::: EXTRACTED RECORDS :::

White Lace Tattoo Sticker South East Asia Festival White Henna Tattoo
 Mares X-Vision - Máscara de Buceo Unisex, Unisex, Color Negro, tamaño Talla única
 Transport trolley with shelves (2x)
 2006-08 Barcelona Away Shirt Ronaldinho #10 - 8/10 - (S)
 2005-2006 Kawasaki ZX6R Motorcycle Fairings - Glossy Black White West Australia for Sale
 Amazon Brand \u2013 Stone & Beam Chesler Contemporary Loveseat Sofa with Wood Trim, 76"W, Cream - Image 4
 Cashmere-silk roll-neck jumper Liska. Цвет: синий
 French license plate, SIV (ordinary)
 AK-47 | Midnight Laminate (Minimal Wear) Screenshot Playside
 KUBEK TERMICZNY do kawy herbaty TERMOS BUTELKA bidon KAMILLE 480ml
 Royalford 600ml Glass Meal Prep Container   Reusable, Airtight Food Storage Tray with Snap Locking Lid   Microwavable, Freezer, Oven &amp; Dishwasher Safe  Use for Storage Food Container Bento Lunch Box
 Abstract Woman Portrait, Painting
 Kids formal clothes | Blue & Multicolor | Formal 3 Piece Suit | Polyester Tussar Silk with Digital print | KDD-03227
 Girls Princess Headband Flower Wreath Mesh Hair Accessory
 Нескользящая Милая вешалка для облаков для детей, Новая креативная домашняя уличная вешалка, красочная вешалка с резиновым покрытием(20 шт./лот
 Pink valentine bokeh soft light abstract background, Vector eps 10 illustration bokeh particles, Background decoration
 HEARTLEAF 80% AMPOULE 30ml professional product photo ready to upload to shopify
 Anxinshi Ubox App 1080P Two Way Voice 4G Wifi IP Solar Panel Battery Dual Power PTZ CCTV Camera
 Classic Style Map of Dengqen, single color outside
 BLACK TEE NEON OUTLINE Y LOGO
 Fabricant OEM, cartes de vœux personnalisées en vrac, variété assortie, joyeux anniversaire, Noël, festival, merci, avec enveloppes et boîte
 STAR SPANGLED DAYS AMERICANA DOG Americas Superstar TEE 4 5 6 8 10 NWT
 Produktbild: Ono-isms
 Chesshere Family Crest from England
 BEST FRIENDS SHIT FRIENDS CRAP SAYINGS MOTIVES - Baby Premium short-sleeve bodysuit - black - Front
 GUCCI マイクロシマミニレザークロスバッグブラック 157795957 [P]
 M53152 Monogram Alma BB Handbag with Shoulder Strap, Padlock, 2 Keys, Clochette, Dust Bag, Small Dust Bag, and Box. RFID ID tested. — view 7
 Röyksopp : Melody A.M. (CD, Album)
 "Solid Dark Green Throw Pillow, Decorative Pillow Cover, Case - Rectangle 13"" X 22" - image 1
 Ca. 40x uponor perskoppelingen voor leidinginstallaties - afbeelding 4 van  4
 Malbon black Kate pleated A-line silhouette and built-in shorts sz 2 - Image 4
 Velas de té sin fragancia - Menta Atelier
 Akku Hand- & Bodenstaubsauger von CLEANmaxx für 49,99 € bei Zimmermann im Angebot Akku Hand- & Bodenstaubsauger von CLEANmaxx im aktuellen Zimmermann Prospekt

:::

■ **THE PROBLEM**:
Show all lines above holding "White".

■ **YOUR SOLUTION**:
White Lace Tattoo Sticker South East Asia Festival White Henna Tattoo
 2005-2006 Kawasaki ZX6R Motorcycle Fairings - Glossy Black White West Australia for Sale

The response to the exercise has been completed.